CFPB Cost Benefit Analysis Flawed
One area of the Dodd-Frank regulatory gymnastics that seems rational is Section 1022(b). This section requires the CFPB to conduct a cost-benefit analysis for consumers and covered persons that would result from adoption of any rule.   The analysis must include:

  1. The potential reduction of access by consumers to financial products or services.
  2. The impact on depository institutions and credit unions with $10 billion or less in total assets.
  3. The impact on consumers in rural areas.

To measure projected costs and benefits of the proposed HMDA changes, the CFPB compared projected outcomes to a baseline consisting of “the state of the world before implementation” of the new rule.  However, the bureau also acknowledged that it does not have a reliable basis from which to estimate costs.

The CFPB concluded that “one-time costs to begin reporting could be substantial (as high as $100,000 for small, low complexity institutions) and ongoing annual reporting costs would be under $10,000 per year.”

For this reason, the bureau decided to avoid imposing the new reporting requirements on financial institutions that originate fewer than 100 open-end loans. By their calculus, this would eliminate reporting requirements for about 3,000 smaller-sized institutions with low volume and would require reporting by only about 749 financial institutions, all but 24 of which would also report on their closed-end mortgage lending.  Of course, their analysis focused on depository institutions and appears silent on the subject of nondepository institutions, which is the domain of hard money lenders.
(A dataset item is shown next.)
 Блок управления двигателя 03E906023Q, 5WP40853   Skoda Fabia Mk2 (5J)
The bureau’s analysis is what led to a final rule with the 25 closed-end or 100 open-end (subsequently amended to 500 open-end) threshold.

Amazingly, the bureau also somehow concluded: “In no event does the Bureau anticipate that consumers will experience reduced access to credit as a result of these changes” and “the Bureau believes that none of the changes is likely to have an adverse impact on consumers in rural areas.”
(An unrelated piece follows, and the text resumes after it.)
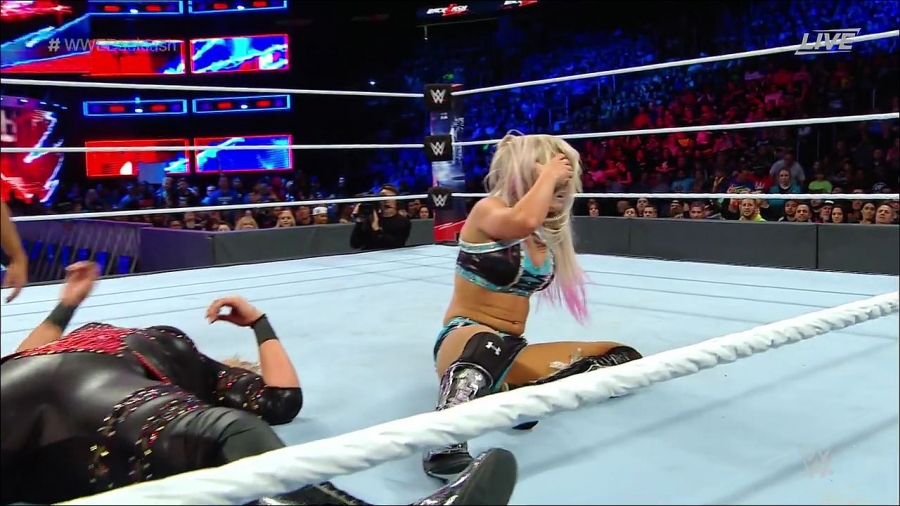 WWE_Backlash_2018_PPV_720p_WEB_h264-HEEL_mp4_002782348.jpg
Cost-Benefit from a Hard Money Lender’s Perspective
In retrospect, it is mystifying how hard money lenders got grouped into 40 years of HMDA, or consumer, regulation. While the CFPB advertised the proposed rule changes and received 51 comments, none of them appear to have been submitted by hard money lenders.
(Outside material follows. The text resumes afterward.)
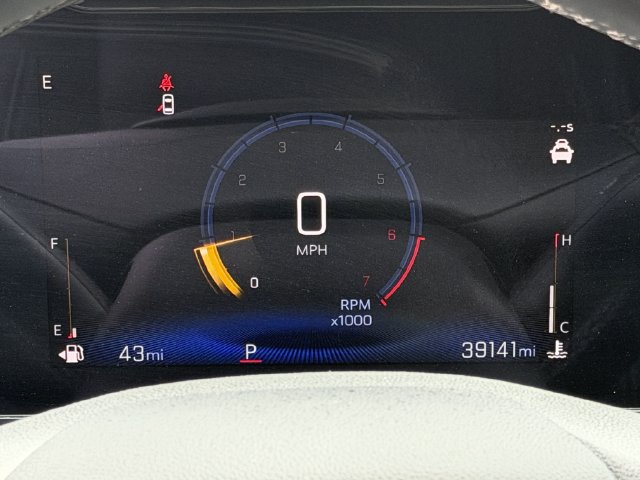 Used 2025 Chevrolet Trax LT w/ LT Convenience Package FWD image 15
In fact, it appears this entire class of “nondepository financial institution” was left out of the HMDA rule-changing process. If there were to be benefits for hard money borrowers, then presumably they would have been reported. But nowhere in the U.S. Federal Register will you find a single reference to benefits for hard money borrowers. Frankly, you won’t find cited sources of abuse in the business-purpose loan category either.

Conversely, you will find the bureau’s conclusion that it costs small financial institutions about $100,000 to set up HMDA reporting systems plus about $8,400 annually. Since the hard money industry consists of thousands of micro lenders that predominantly originate more than 25 closed-end loans annually, most are subject to all the expense of adoption, but none are afforded the 500 open-end loan threshold relief granted to multibillion-dollar depository institutions and credit unions.

It’s one thing to highlight an apparent lack of equity in how the new rules are applied, but the more absurd observation is that no one apparently benefits. More likely, it’s just a giant data crunch and part of a never-ending, escalating regulatory cycle.

Moreover, standard economic theory, which is quoted liberally in the bureau’s cost-benefit analysis, predicts that in a market where financial institutions are profit maximizers, lenders will pass on to consumers the increased costs imposed by added HMDA regulation.

If hard money lenders can pass on over $100,000 in costs, then the bureau’s conclusion that “none of the changes is likely to have an adverse impact on consumers in rural areas” is deeply flawed. And if they can’t pass on the costs, then some lenders will pull up stakes and quit the business, in which case the bureau’s other conclusion that “consumers will not experience reduced access to credit” is also deeply flawed.

Beyond the technical, there is the obvious. There doesn’t appear to be any regulatory fire, but this is a case where the hard money lending industry nevertheless got hosed.